Omega−6 fatty acids (also referred to as ω−6 fatty acids or n−6 fatty acids) are a family of essential polyunsaturated fatty acids (PUFA) that share a final carbon-carbon double bond in the n−6 position, that is, the sixth bond, counting from the methyl end. Health and medical organizations recommend intake of omega−6 fatty acids as part of healthful dietary patterns.

== Health effects ==

The American Heart Association "supports an omega-6 PUFA intake of at least 5% to 10% of energy in the context of other AHA lifestyle and dietary recommendations. To reduce omega−6 PUFA intakes from their current levels would be more likely to increase than to decrease risk for coronary heart disease."

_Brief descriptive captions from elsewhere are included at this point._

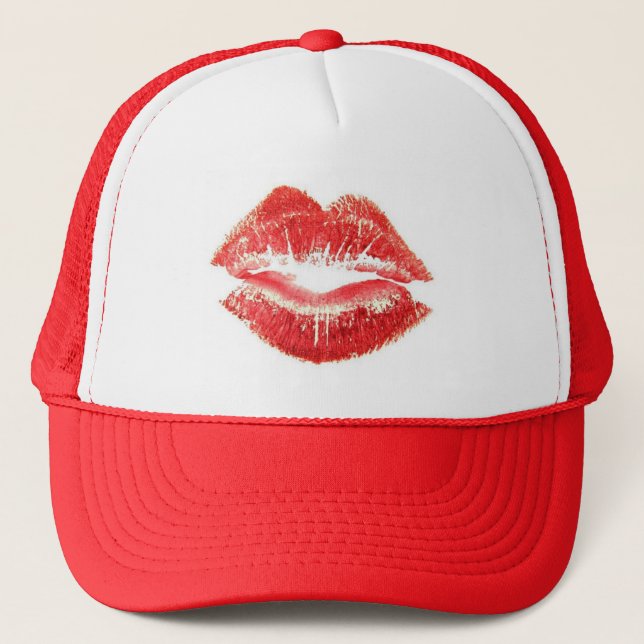 Red Lipstick Kiss Lips Hat (Front)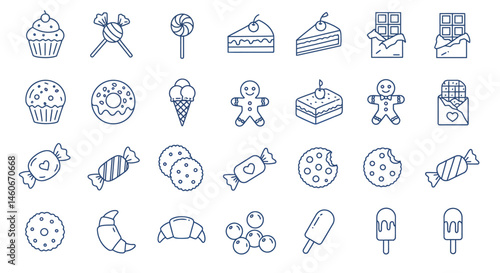 Sweet treats Cupcakes candies donut ice cream cookies and croissants in blue outline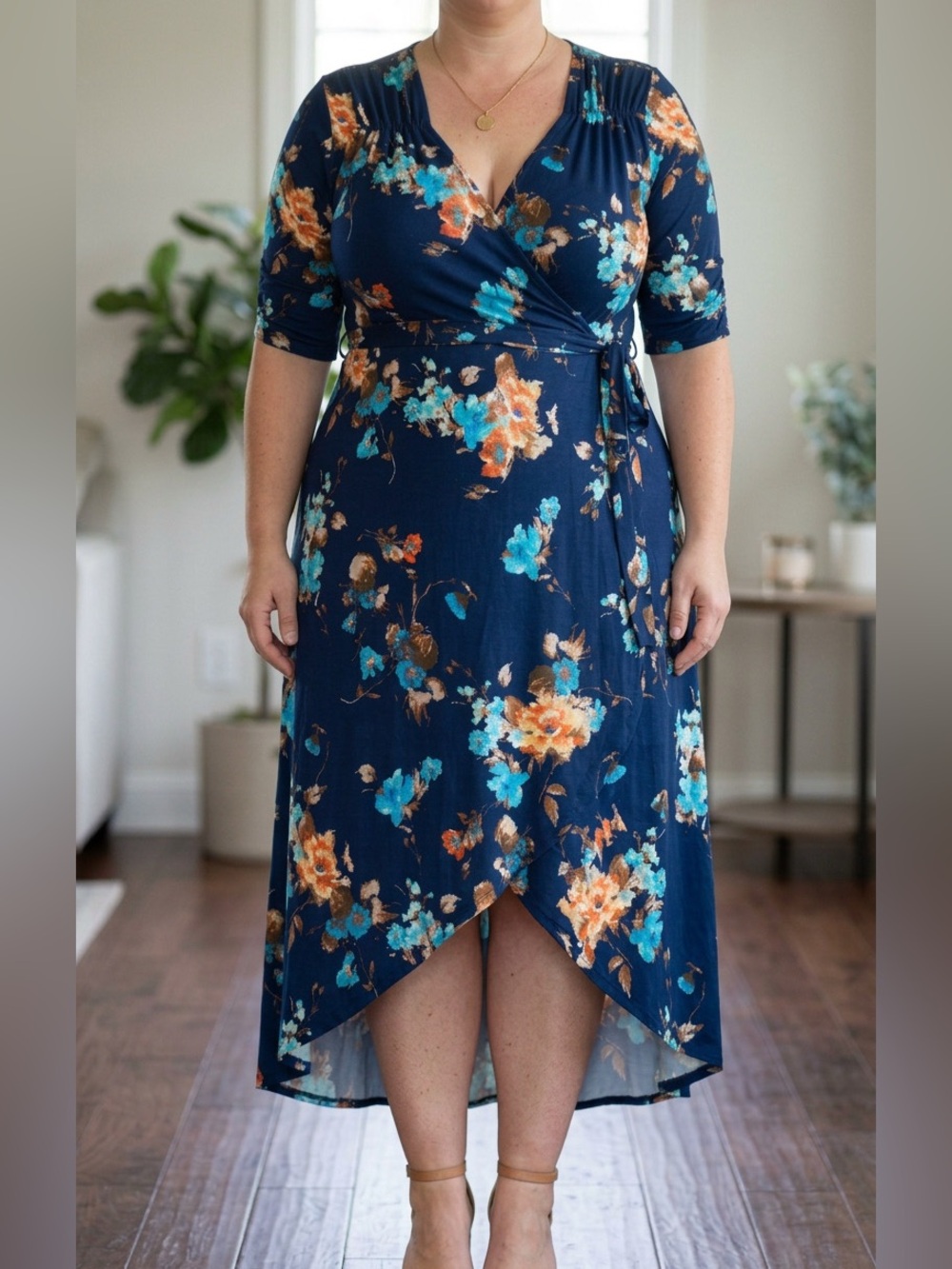 Kiyonna Blue Floral Wrap Dress Maxi Dress size 5X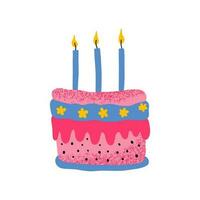 Textured Birthday Cake With Candles vector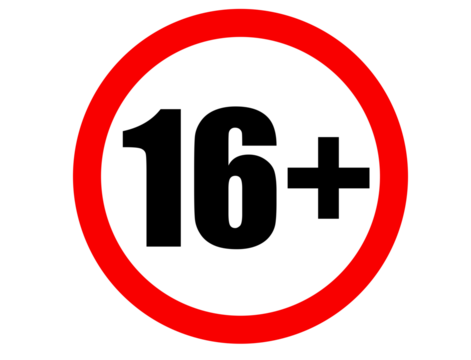 Sixteen plus age restriction warning sign isolated on transparent background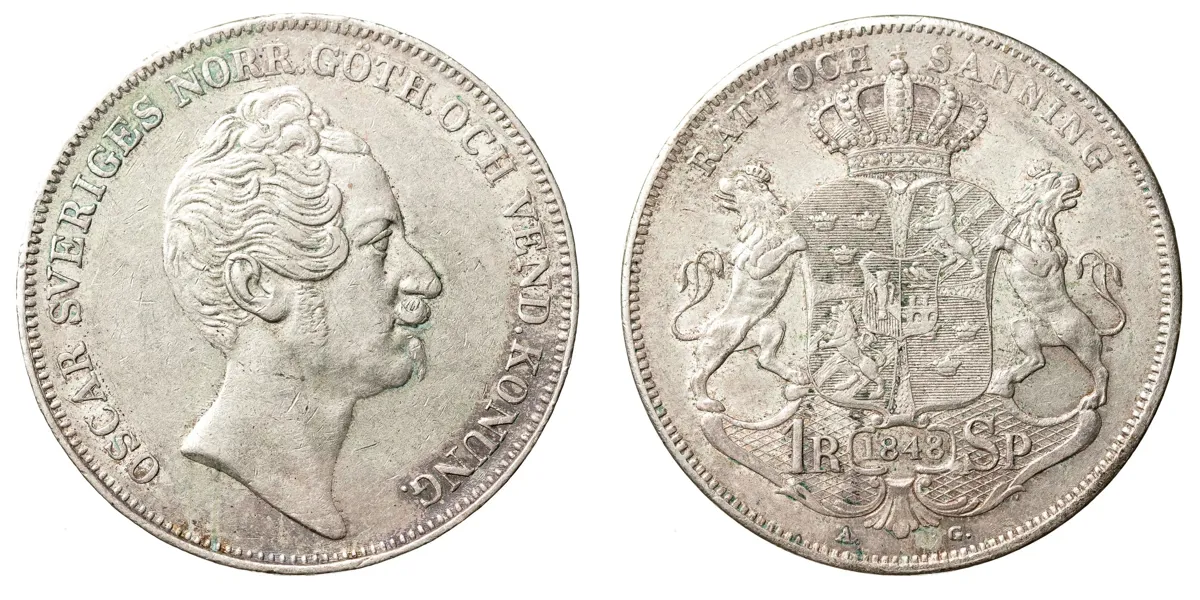 OSKAR I (1844-1859). Riksdaler specie 1848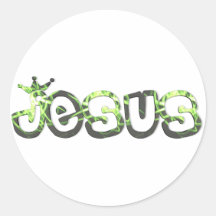 Le ROI de Jésus Plat le vert 3D noir Adhésif Rond
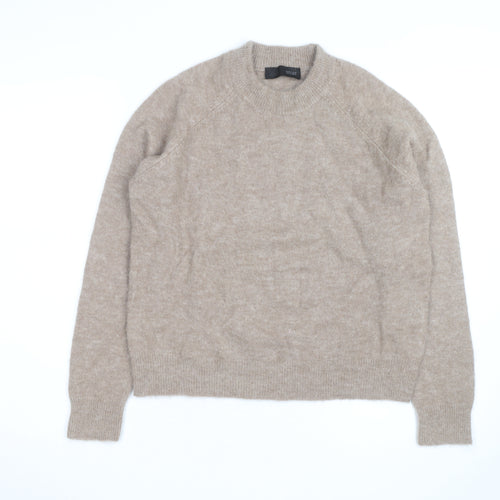 Zara Women Beige Wool Alpaca Crew Neck Jumper Size 8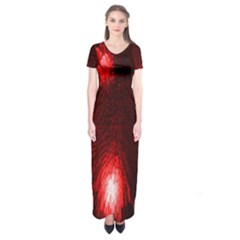Box Lights Red Plaid Short Sleeve Maxi Dress by Mariart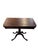 A handsome traditional card table in a rich mahogany tone, featuring a rectangular top with softly rounded corners, a...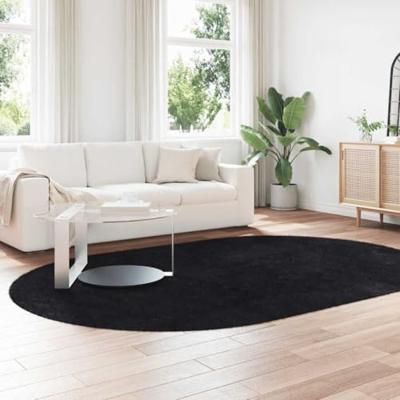 VidaXL Hoogpolig vloerkleed navarra 300x200 cm polyester zwart VidaXL Hoogpolig vloerkleed navarra 300x200 cm polyester zwart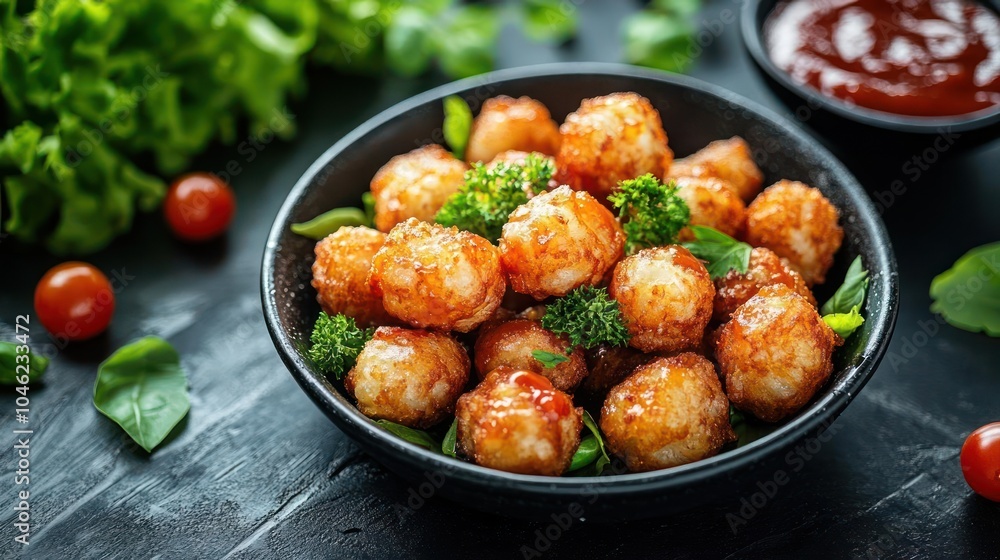 Fried cheese bites served in a black bowl, topped with hot sauce and broccoli. Fried cheese bites served in a black bowl, topped with hot sauce and broccoli.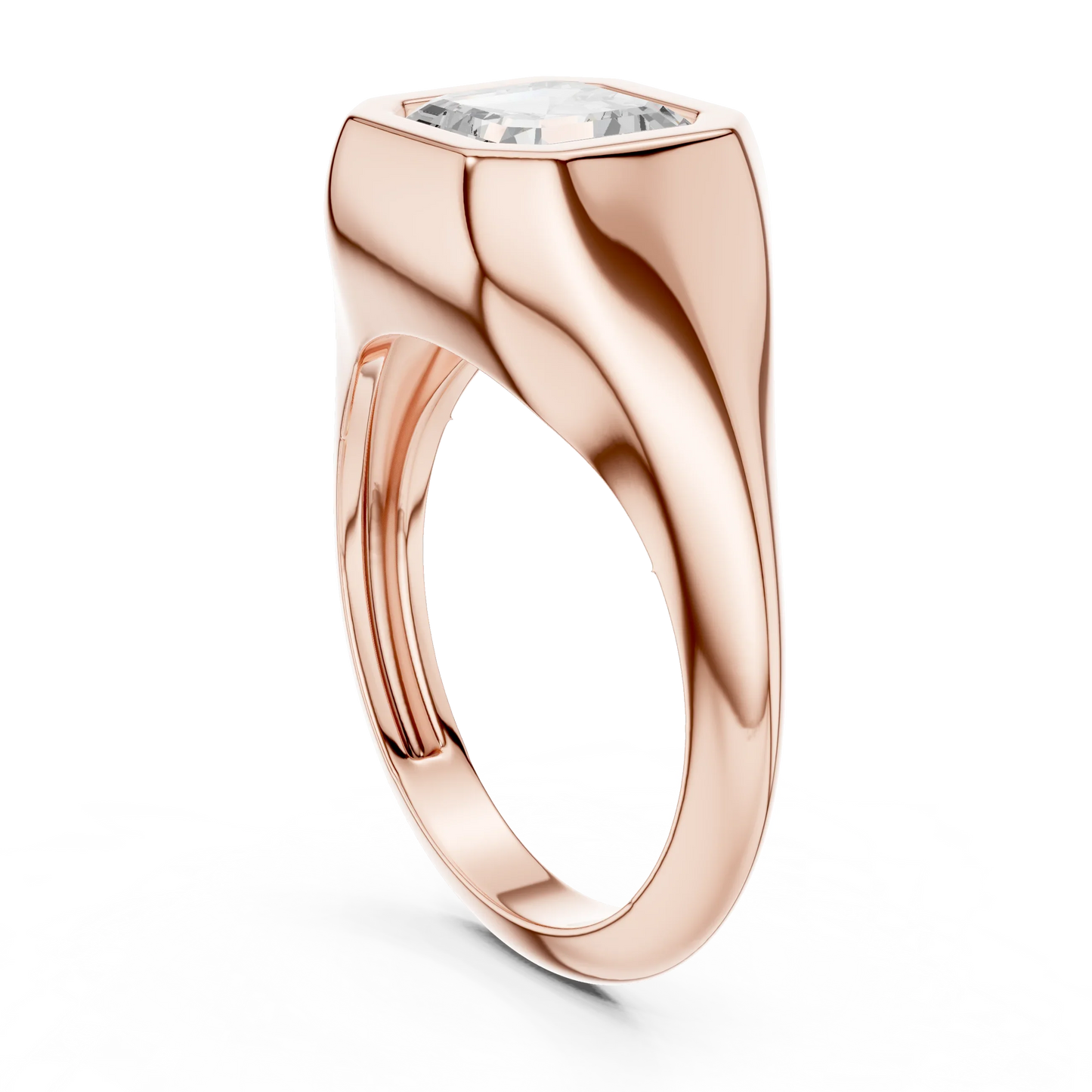 Back side view of rose gold asscher bezel set signet style ring with lab-grown diamond – Australia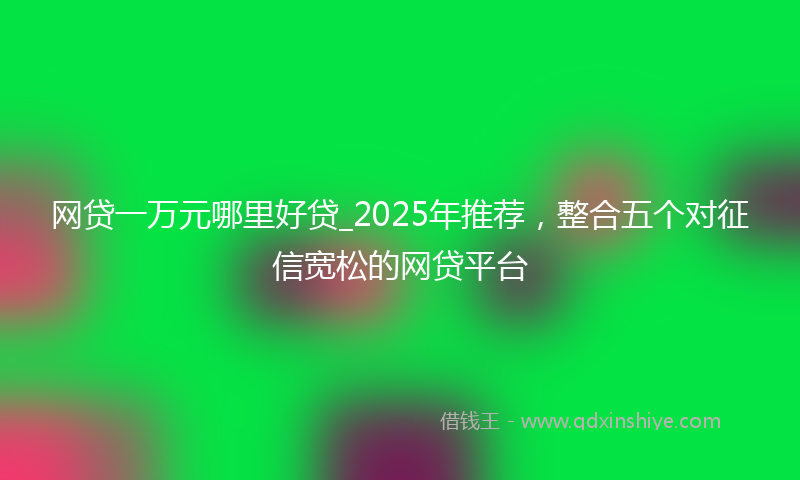 网贷一万元哪里好贷_2025年推荐，整合五个对征信宽松的网贷平台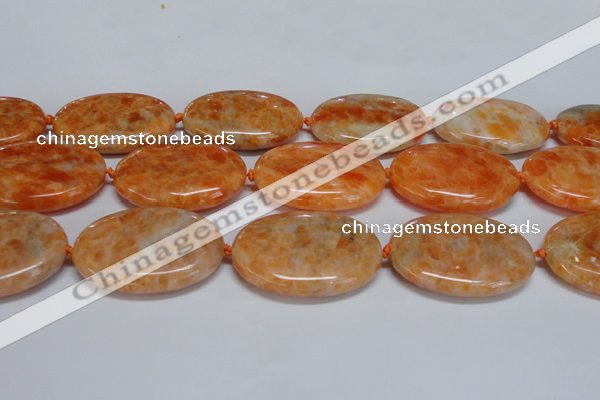 CCA489 15.5 inches 30*40mm oval orange calcite gemstone beads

A 2018 review found that an increased intake of omega−6 fatty acids reduces total serum cholesterol and may reduce myocardial infarction (heart attack), but found no significant change in LDL cholesterol and triglycerides. A 2021 review found that omega−6 supplements do not affect the risk of CVD morbidity and mortality.

A 2023 review found that omega−6 polyunsaturated fatty acids are associated with lower risk of high blood pressure. Omega−6 fatty acids are not associated with atrial fibrillation.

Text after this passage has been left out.